There’s nothing quite as inexplicable as staying up all night to finish reading a good book. It’s not like the book is going anywhere…and the story won’t change…but I still can’t put it down.
This weekend, I went on a bit of a book bender and read The House By the Lake and Everything We Keep. A historical fiction that bounces between pre-WWII Europe and San Francisco, The House on the Lake was a quick, if not totally satisfying, read. The story follows Anna, a successful café owner, as she journeys through pieces of her Grandfather Max’s life and attempts to patch together his life story while holding hostage her own broken heart.
I enjoyed the pre-WWII European setting of the book. Carey is fantastic at building a scene, right down to the details of the light shimmering on the lake, and the book had a fantastic story-line. A large portion of this plot is Max’s endless secrecy and riddles, which while intriguing at first, got old and annoying as he never revealed anything important. It would have been better if Anna had found a letter in Max’s belongings or an old photograph or something beyond the cryptic 10 second phone calls she shared with Max.
Of all of the characters introduced in this book, and there are dozens (many superfluous to the story), the characters of Isabel and Marthe are by far the most intriguing and most well developed. One couldn’t help but feel sympathy with Isabel’s teenage longing for belonging, acceptance, and a steady future.
Some of the major characters felt under developed and incomplete. Max, while a major character and the cause for the entire plot, never fleshed out or developed, leaving one wondering why Anna would fly around the world on a whim to satisfy his request of retrieving a lost item from his childhood home. Wil, also a major player, never fleshed out entirely, he was dropped into the book like a modern day Prince Charming. He’s gorgeous, has a great career, a beautiful house, impeccable manners, and not a single flaw in sight.
Because certain characters were much more fleshed out than others, the book had a little bit of an unbalanced feeling as you read. I cared immensely about Isabel, but couldn’t muster up an ounce of sympathy for Max’s sister, despite her incredible story.
In addition to the character imbalance, some of the relationships between the characters weren’t as developed as a reader would hope they’d be. Carey spent a lot of time detailing nonessential characters like Cass, the Mayor, and Wil’s friends, while leaving the important relationships gaping with large holes that the reader was left to patch together.
I would have liked to see more development of a relationship between Anna and Max beyond the author’s approach of telling the reader how much Anna loved her grandfather. I also would have loved to see a little bit more depth in Max’s relationships with Isabel, his sister, Hans, and how he came to marry Jean. Anna’s relationships with Ingrid and Wil felt a little too fairy-tale all is well, as did what should have been a complicated relationship (but wasn’t) between Anna and Ingrid.
In between all of the characters, the relationships, and travelling through time and countries, WWII and Hitler loomed in the background and on the fringes of Isabel and Max’s relationship, never making their way into the forefront of the story. The fear and panic creeping through Europe at this time was never really addressed in the characters beyond rumors and familial duty.

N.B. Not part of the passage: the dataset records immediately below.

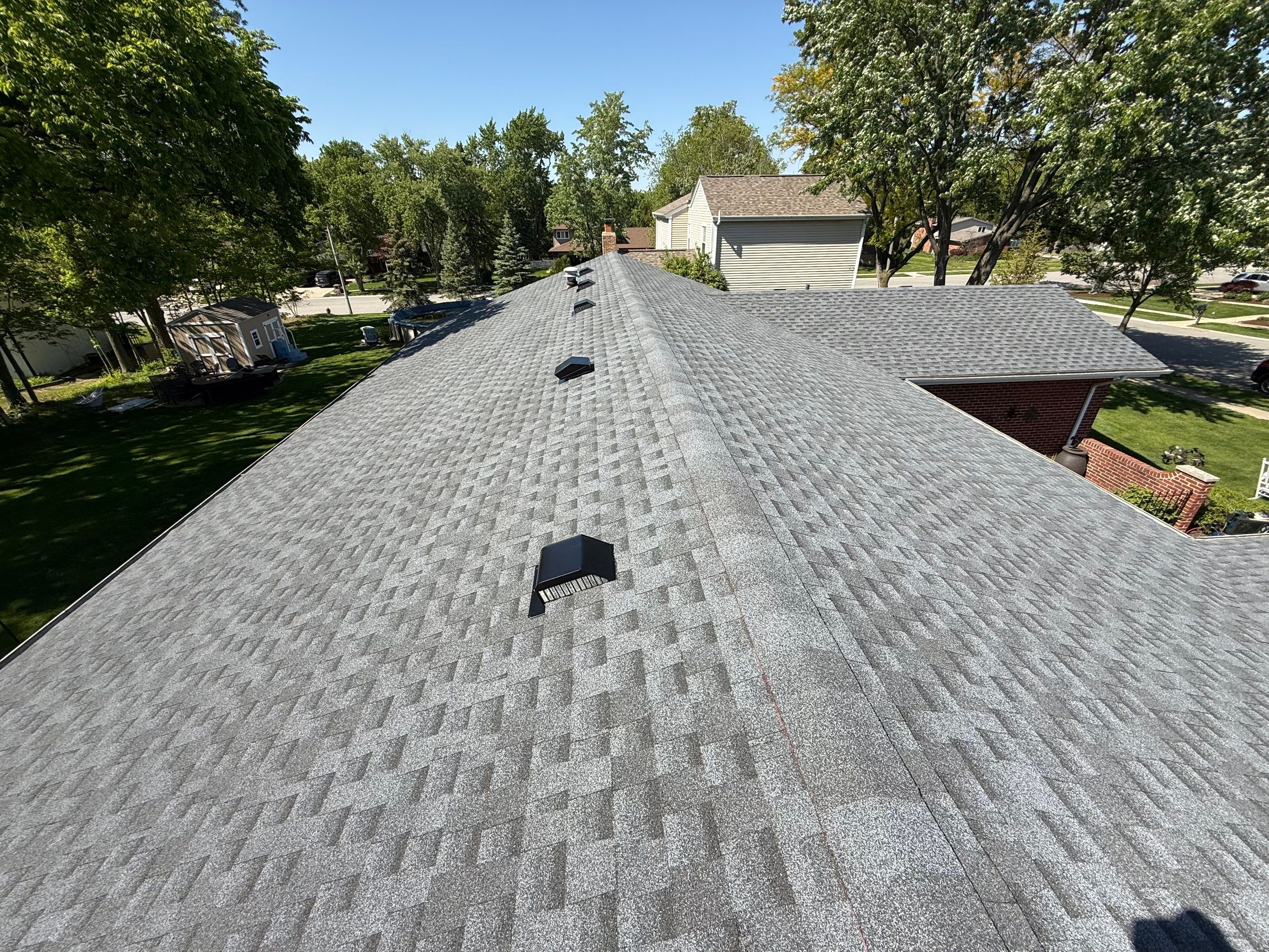 Roof and gutters replacement by Optimal Home Improvement 
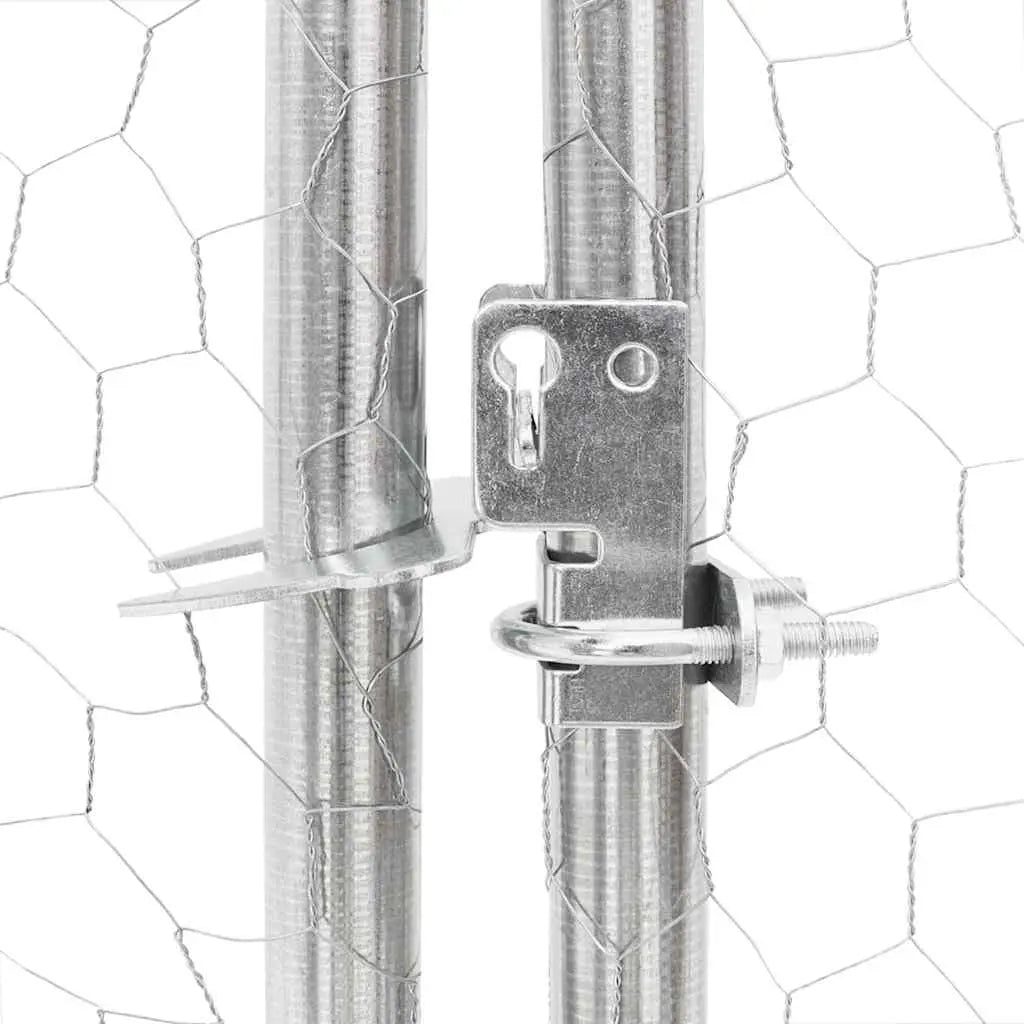 Close-up of the lockable metal catch on the hexagonal mesh dog run door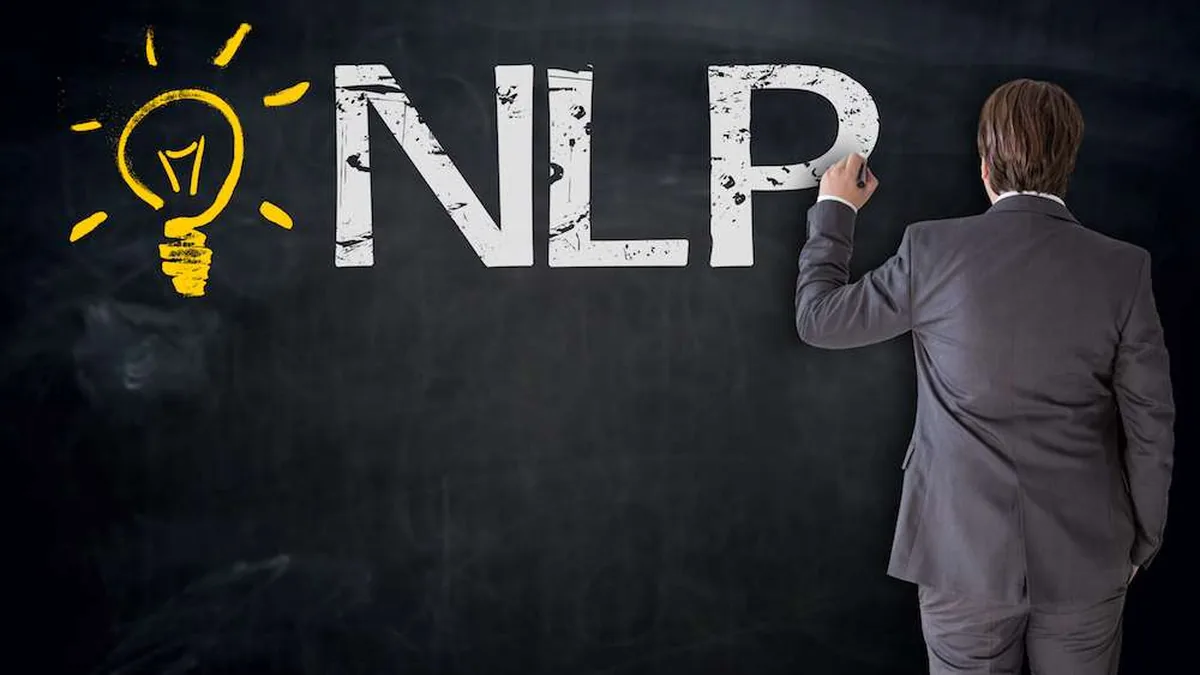 Ein Mann schreibt „NLP“ mit Kreide an eine Tafel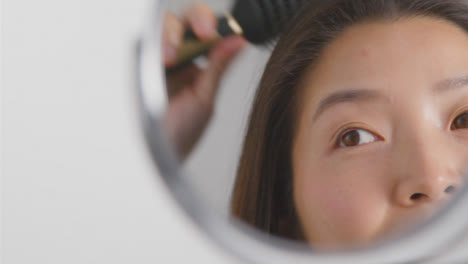 Close-Up-Shot-of-Young-Woman-Brushing-Hair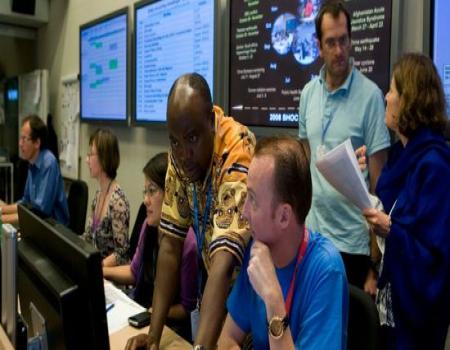 4 people looking at a computer screen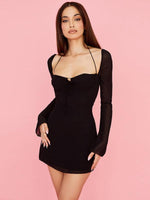 Mini Jurk met V-hals en Wijde Mouwen - Group3 - Jurkjes.co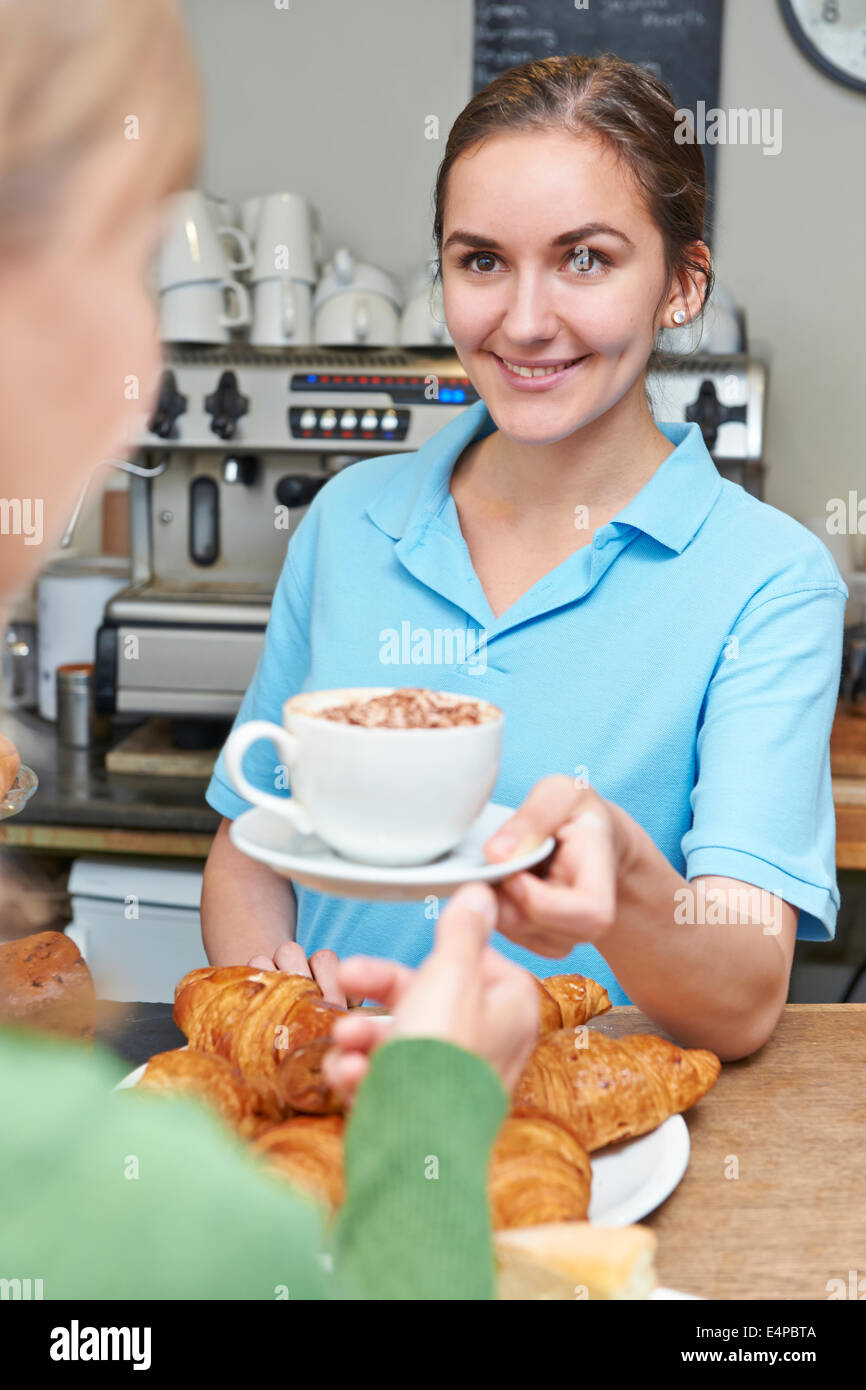 Waitress In Cafe Serving Customer With Coffee Stock Photo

I kept reading thinking all of Max’s life would be revealed in a satisfactory way, which it wasn’t. Ella Carey never went on to explain how Max got to America, how he met Anna’s grandmother, why he married her, etc.
All in all, this was a quick and easy read. The character development could use some work, but it had a good story-line. This is a definite summer beach or poolside read when you want something with a good story-line that isn’t too complex.
Title: The House on the Lake
Rating: 3 stars
Location best to enjoy: Beach or Pool
Best Paired with: Something summery and light, like a summer Grapefruit beer or a light sangria.